At certain points in the buying process, help or guidance from the brand can be critical to a customer’s decision about whether to continue on this particular journey. The LivePerson study said that, when customers are at the step of having a question or an issue in making a purchase, 47 percent reported “having engaged with live chat in the past 12 months and state that this is the preferred channel of contact” when they’re in a digital experience, compared to phone and email.

The report also said that having a live chat session with an agent was the most useful online engagement tool for 87 percent of respondents, tied with being able to reconnect with the same live chat agent who helped on a previous occasion. Eighty-one percent also preferred the option during a live chat of transitioning to a phone conversation with that same agent. Also popular: an agent presenting a “how to” video about the question inside a chat window.

In a Future Report

The live element in a digital experience clearly has value. Rob LoCascio, LivePersons’ founder and CEO, pointed out in a statement that “the digital era is massively de-personalizing, so anytime brands can engage their customers with a more personalized, human touch, it makes a meaningful difference.”

It’s hard to argue with the conclusions of this study, yet it’s hard to see if anything new has been presented. Good digital experiences can reinforce customer-brand relationships, especially when there is real time support, such as chat, at key points in decision making.

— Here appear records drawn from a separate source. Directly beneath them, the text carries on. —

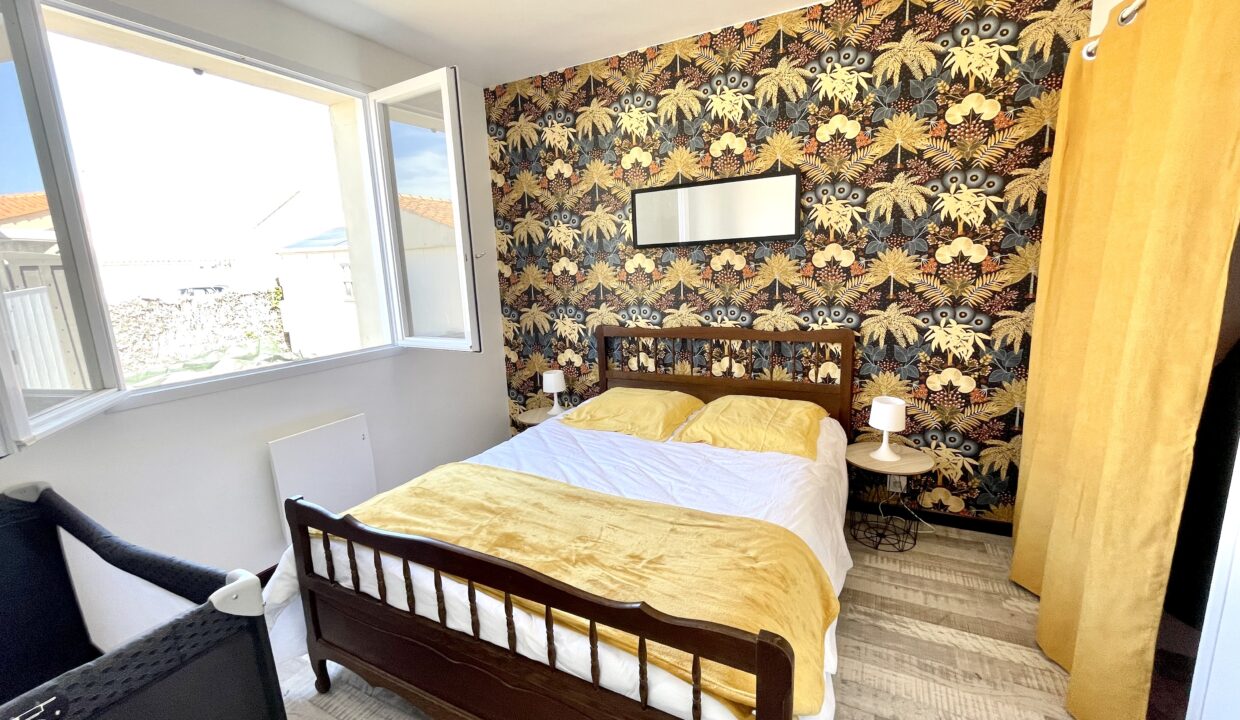 Quartier-de-la-Sauzaie-agreable-maison-recemment-renovee-2-chambres-4-couchages-Acces-WIFI-6
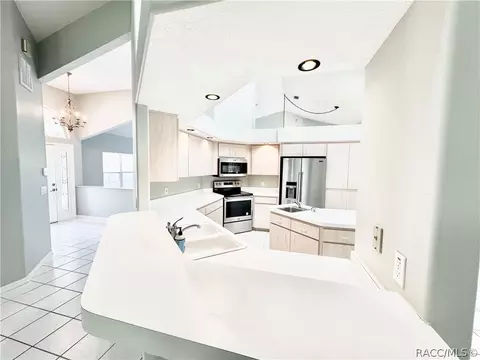 Kitchen - 604 W Massachusetts St, Hernando, FL 34442 photo 2 of 5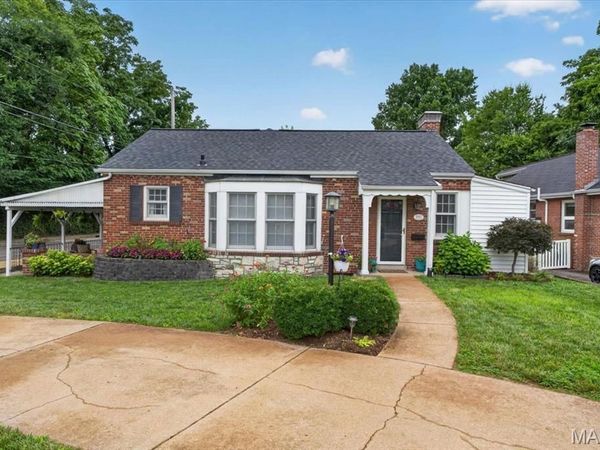 101 N Sappington Road , Oakland, MO 63122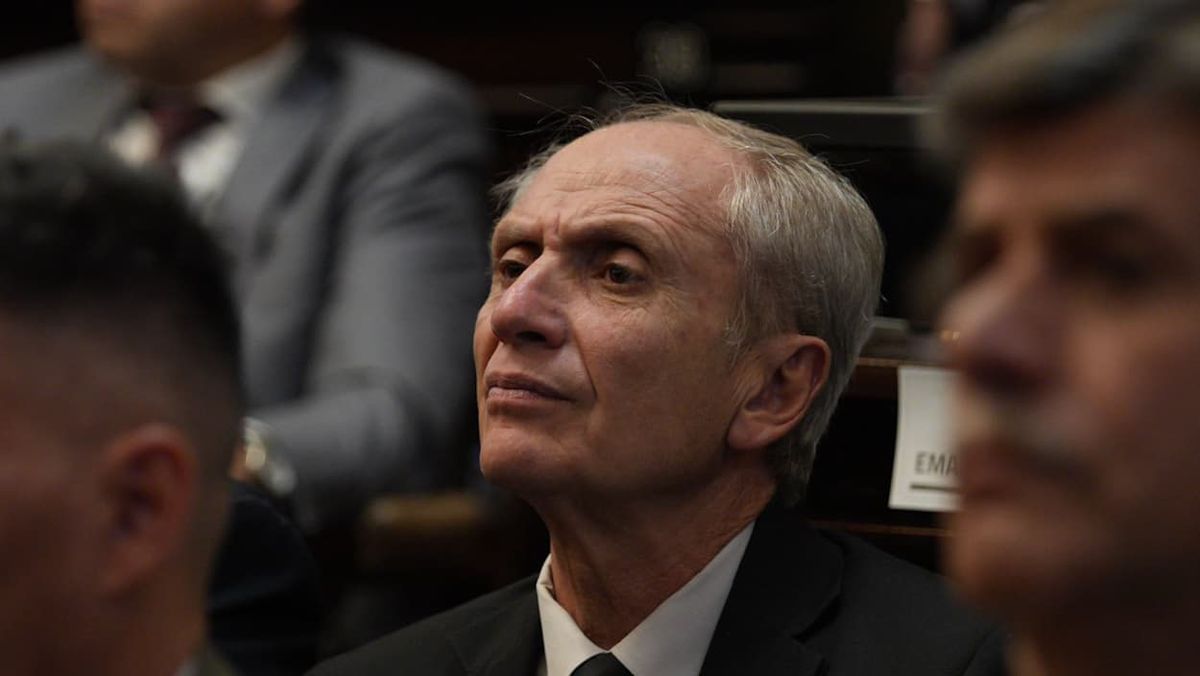 El edil que reemplaza al intendente de San Martín descartó una renuncia: 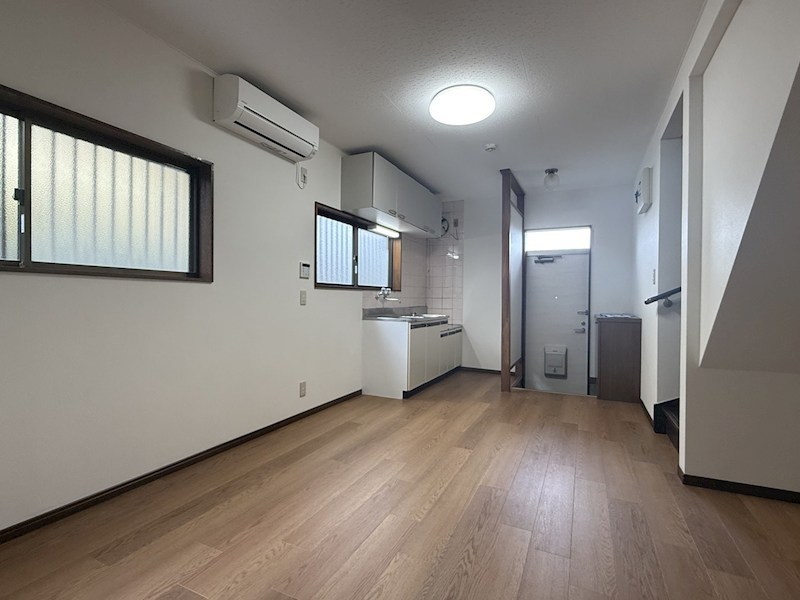 関テラスハウス 玄関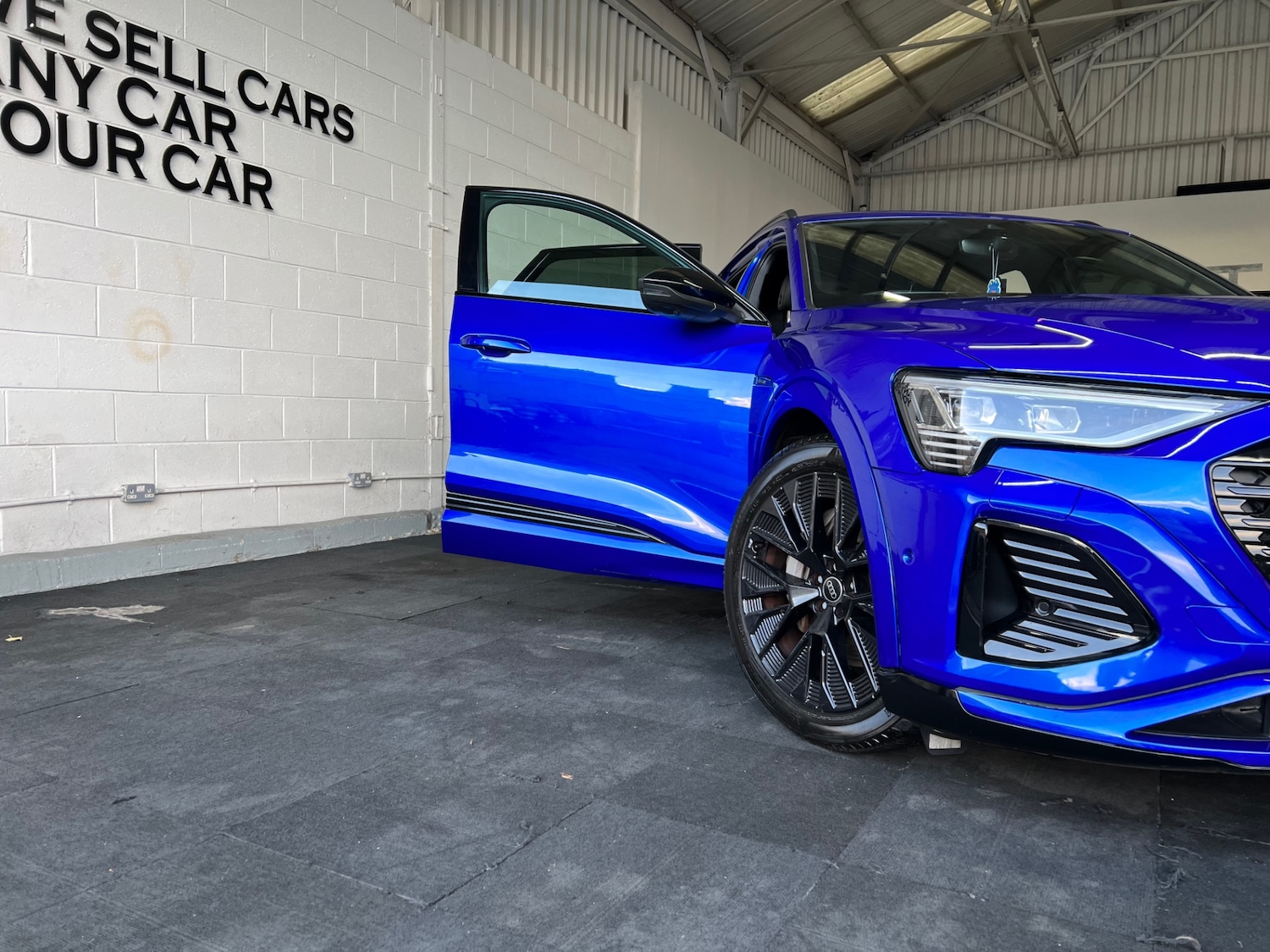 Used Audi Q8 2023 for sale - 76722043: Photo 28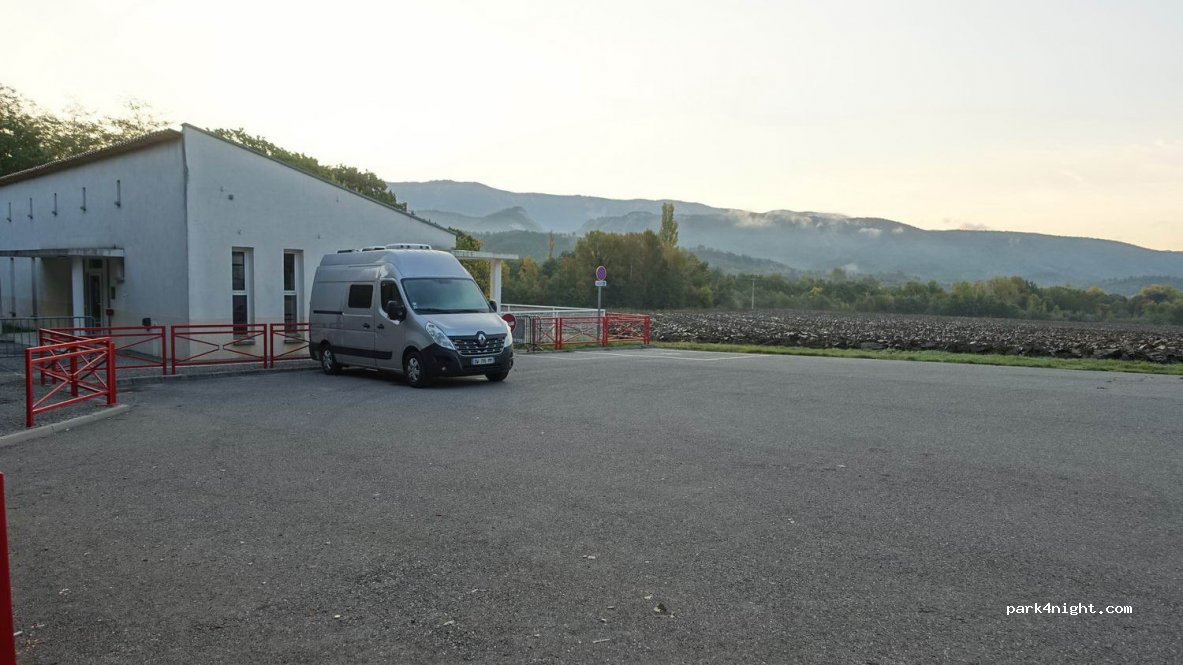 (04200) Entrepierres - L'Adrech — foto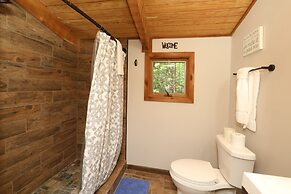 Bear Trails - Two Bedroom Cabin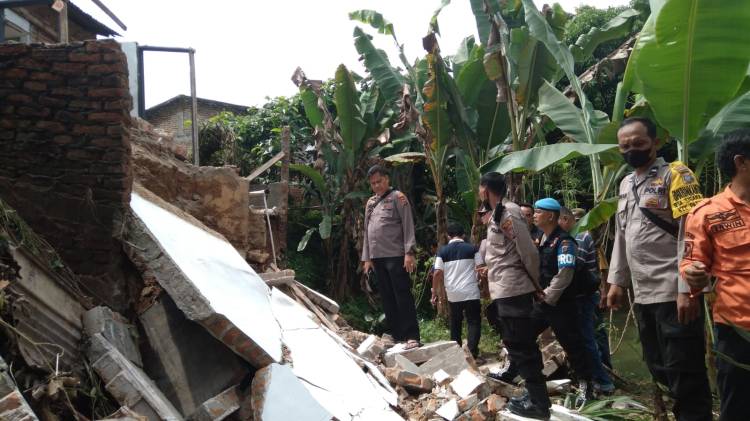 Dua Warga di Patumbak Terluka Tertimpa Rumah Rubuh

Perhaps in a future report, however, LivePerson will drill down into the different kinds of live chat, such as ones with a too-busy person on the brand’s end to actually have a conversation except in fits and starts. The company might also explore the particulars about how live chat compares with phone-based customer service, which might be more satisfying for the customer who has any question or issue that takes more than a few seconds to explain.